A visita inovadora do presidente Richard Nixon à China em 1972 é creditada ao conselho dado por Kissinger, que era então consultor de segurança nacional da Casa Branca.

Nesse mesmo ano, os EUA e a União Soviética assinaram o tratado de mísseis anti-balísticos (ABM), também sob a orientação de Kissinger no lado americano. Mais tarde, os EUA retiraram-se do tratado em 2002, uma medida que pressagiou uma longa deterioração nas relações bilaterais entre os EUA e a Rússia até os dias atuais.

Apesar de todas as suas falhas, pelo menos pessoas como Kissinger e Brzezinski foram motivadas por políticas práticas orientadas a objetivos. Eles estavam dispostos a se envolver com os adversários para encontrar algum modus vivendi. Tal atitude está faltando com frequência nas recentes administrações de Washington, que parecem ser guiadas por uma ideologia de domínio unipolar dos EUA no resto do mundo. O atual consenso de Washington é de irrealismo e arrogância hiper-ideológicos, o que leva a uma mentalidade de soma zero de antagonismo em relação à China e à Rússia.

Às vezes, o presidente Donald Trump parece se inscrever no pragmatismo da política real.
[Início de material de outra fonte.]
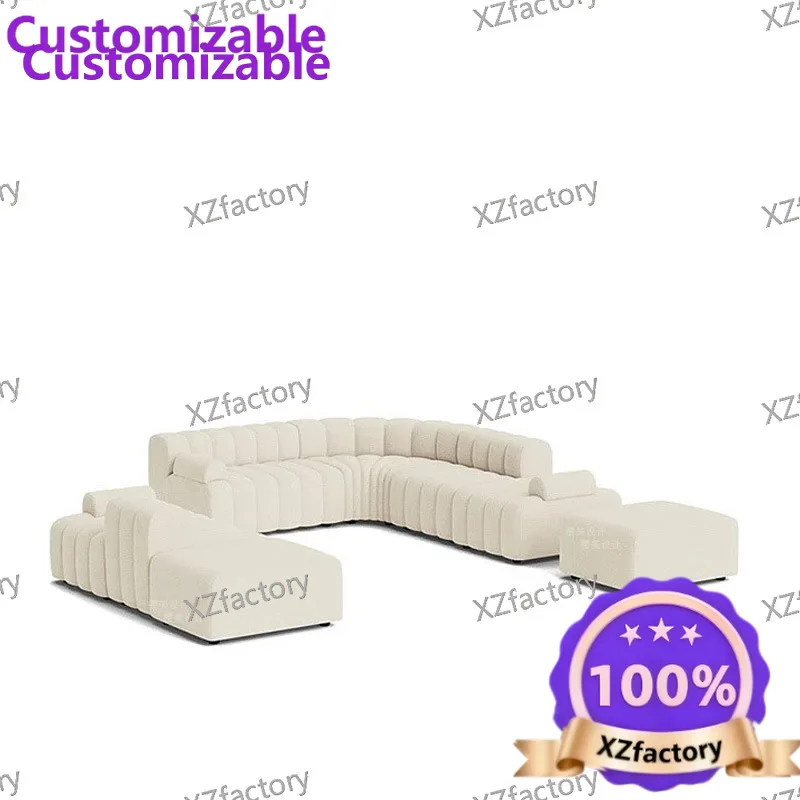 Factory Direct 2026 Top Rated Nordic medieval module sofa Italian minimalist Internet celebrity piano key sofa
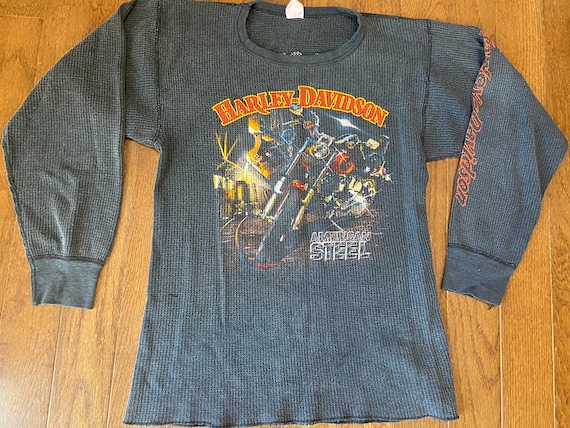 Vintage Harley Davidson Thermal - Etsy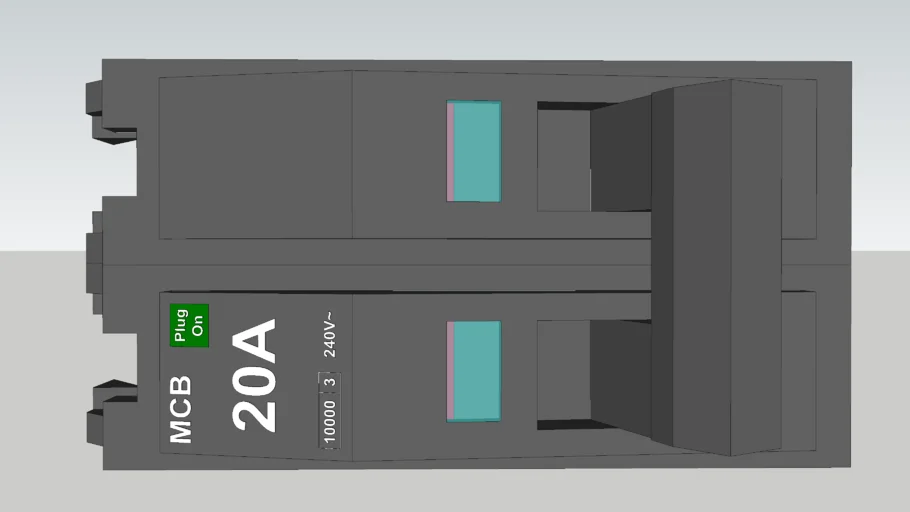 MCB 2P 20A
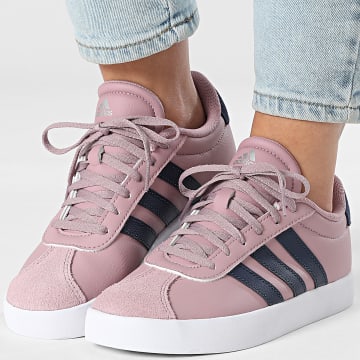 Adidas Performance - Zapatillas Mujer VL Court 3.0 K KK4518 Magia Malva Noche Índigo Calzado Blanco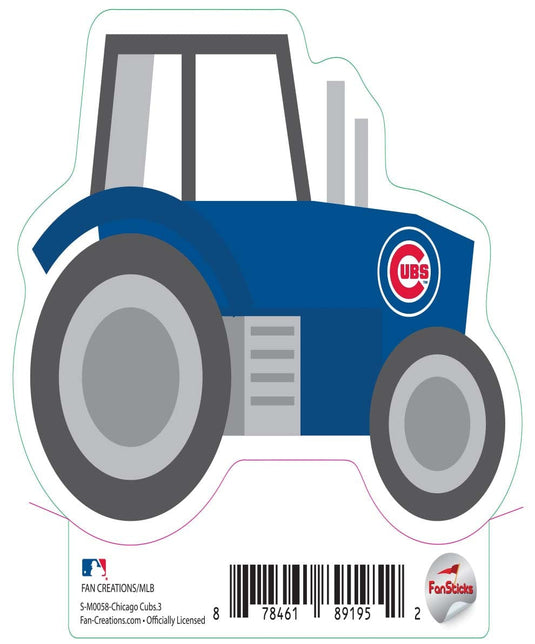 Fan Creations Decal Chicago Cubs 3in Decal - Tractor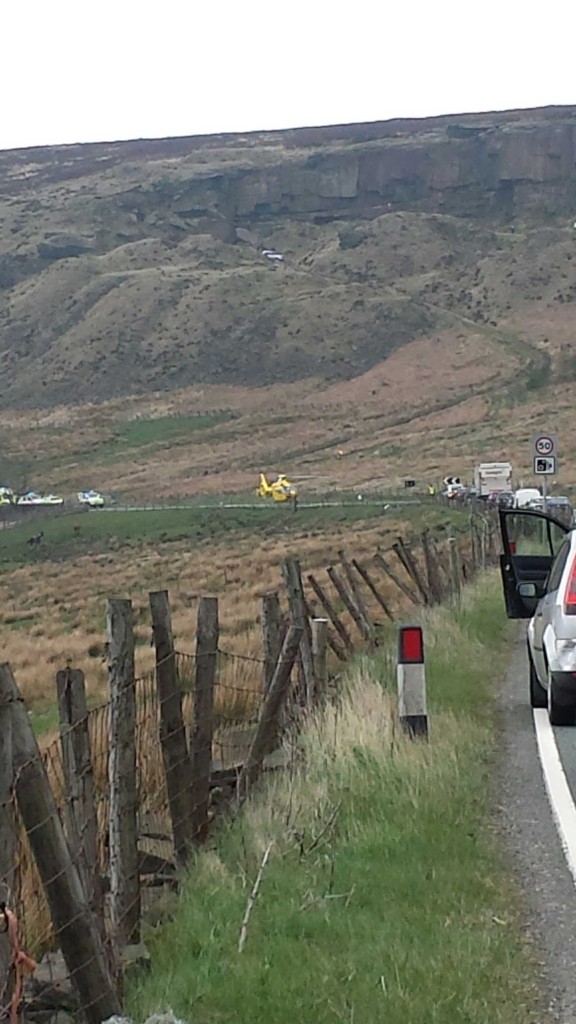 Incident near Running Hill between Diggle and Marsden - photo Catherine Heald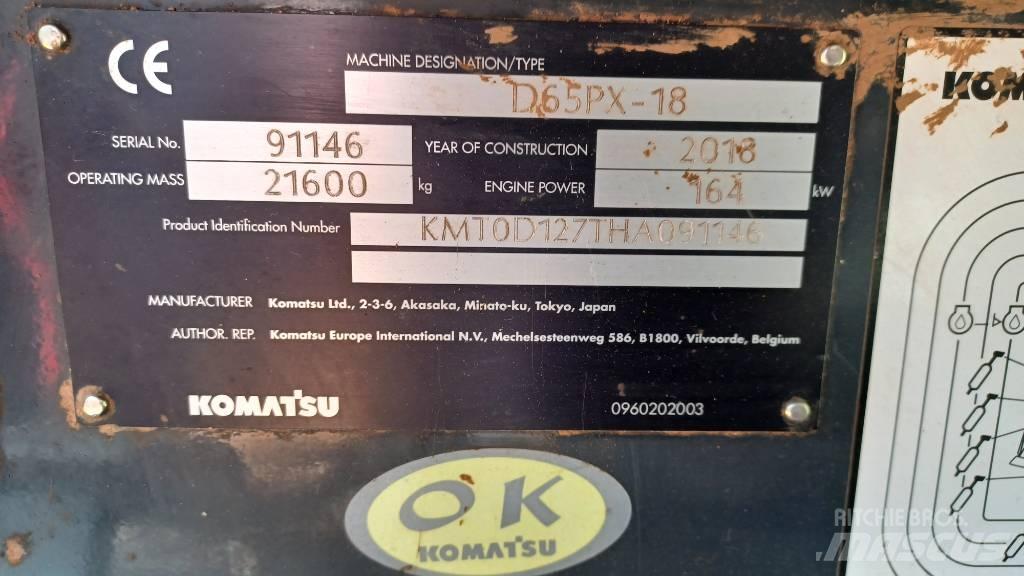 Komatsu D65PX-18 ブルドーザー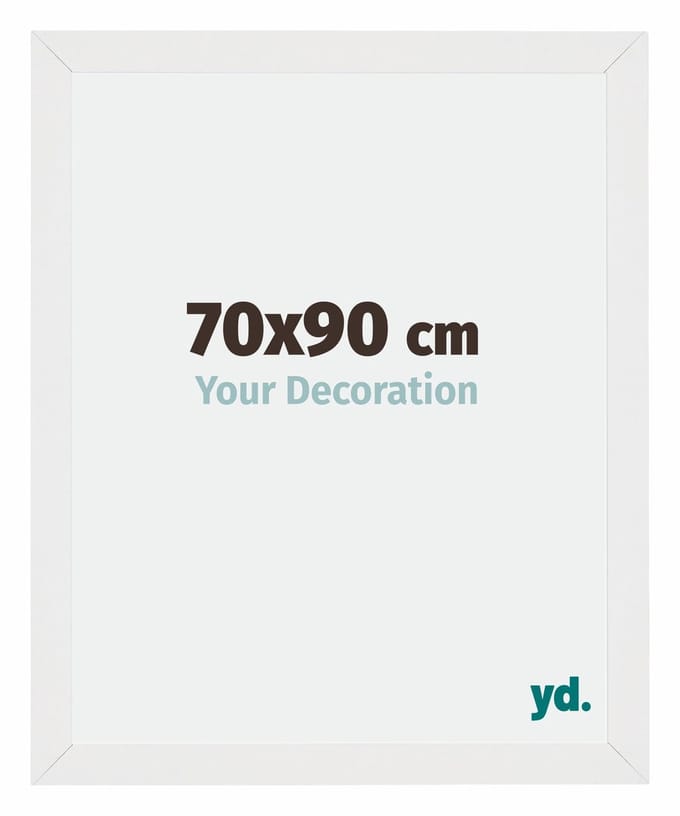 Your Decoration - Fotolijst 70x90 cm - MDF - Wit Hoogglans - Mura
Outras vezes, ele muda para a mentalidade hiper-ideológica, expressa por seu vice-presidente Mike Pence, assim como pelo secretário de Estado Mike Pompeo e pelo secretário de Defesa Mike Esper. Este último rotulou a China como a "maior ameaça a longo prazo" dos EUA.
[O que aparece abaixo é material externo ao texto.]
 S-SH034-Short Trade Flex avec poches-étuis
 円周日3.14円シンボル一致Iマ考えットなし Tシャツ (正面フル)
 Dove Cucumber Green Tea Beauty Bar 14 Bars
Nesta semana, o presidente Trump assinou a lei “Lei dos Direitos Humanos e Democracia”, que imporá sanções à China por suposta repressão em seu território de Hong Kong. Pequim reagiu furiosamente à legislação, condenando -a como uma violação de sua soberania.
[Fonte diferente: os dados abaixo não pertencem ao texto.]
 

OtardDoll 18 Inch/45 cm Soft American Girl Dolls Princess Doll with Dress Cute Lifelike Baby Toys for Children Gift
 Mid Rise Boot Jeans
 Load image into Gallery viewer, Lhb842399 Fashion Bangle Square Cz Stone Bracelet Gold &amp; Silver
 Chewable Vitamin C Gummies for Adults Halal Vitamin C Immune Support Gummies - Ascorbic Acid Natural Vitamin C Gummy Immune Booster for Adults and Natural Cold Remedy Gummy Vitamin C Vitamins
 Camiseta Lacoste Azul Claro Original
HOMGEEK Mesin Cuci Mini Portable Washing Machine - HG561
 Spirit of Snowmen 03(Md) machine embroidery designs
Esse é exatamente o tipo de atitude desonesta contra a qual Kissinger alertou, a fim de evitar um novo envenenamento nas relações bilaterais já tensas nos últimos 16 meses da guerra comercial EUA-China.

Discerne-se a diferença entre Kissinger e os políticos americanos mais recentes: o primeiro possui copioso conhecimento histórico e apreciação de outras culturas. Sua astúcia, astúcia, talvez até maquiavélica, informa Kissinger a reconhecer e respeitar outros poderes em um mundo complexo. Isso contrasta com a banalidade puritana e a ignorância manifestadas na administração de Trump e no Congresso.

Saudando Kissinger na última sexta-feira, 22 de novembro, durante uma visita a Pequim, o presidente Xi Jinping agradeceu sua contribuição histórica na normalização das relações EUA-China durante a década de 1970.

"Atualmente, as relações sino-americanas estão em um momento crítico que enfrenta algumas dificuldades e desafios", disse Xi, exortando os dois países a aprofundar a comunicação sobre questões estratégicas. Era um eco das opiniões reais da política que Kissinger havia enunciado na semana anterior.

Ao dividir um palco público com Kissinger, o líder chinês acrescentou: “Os dois lados devem proceder dos interesses fundamentais dos dois povos e as pessoas do mundo, se respeitarem, buscar um terreno comum enquanto reservam diferenças, buscar resultados em que todos saem ganhando. em cooperação e promover laços bilaterais para se desenvolver na direção certa. ”

Da mesma forma, a China e a Rússia pedem continuamente uma ordem mundial multipolar para cooperação e parceria no desenvolvimento. Mas os governos atuais e recentes dos EUA se recusam a contemplar qualquer outra ordem que não seja um domínio unipolar presumido. Daí o conflito comercial dos EUA com a China e a demonização implacável da Rússia por Washington.

Esse mantra ideológico "excepcional" dos EUA está levando a mais tensões e, finalmente, é um caminho para o abismo.

Henry Kissinger entende. É uma pena que a atual safra de políticos e pensadores da América esteja tão empobrecida em seu intelecto.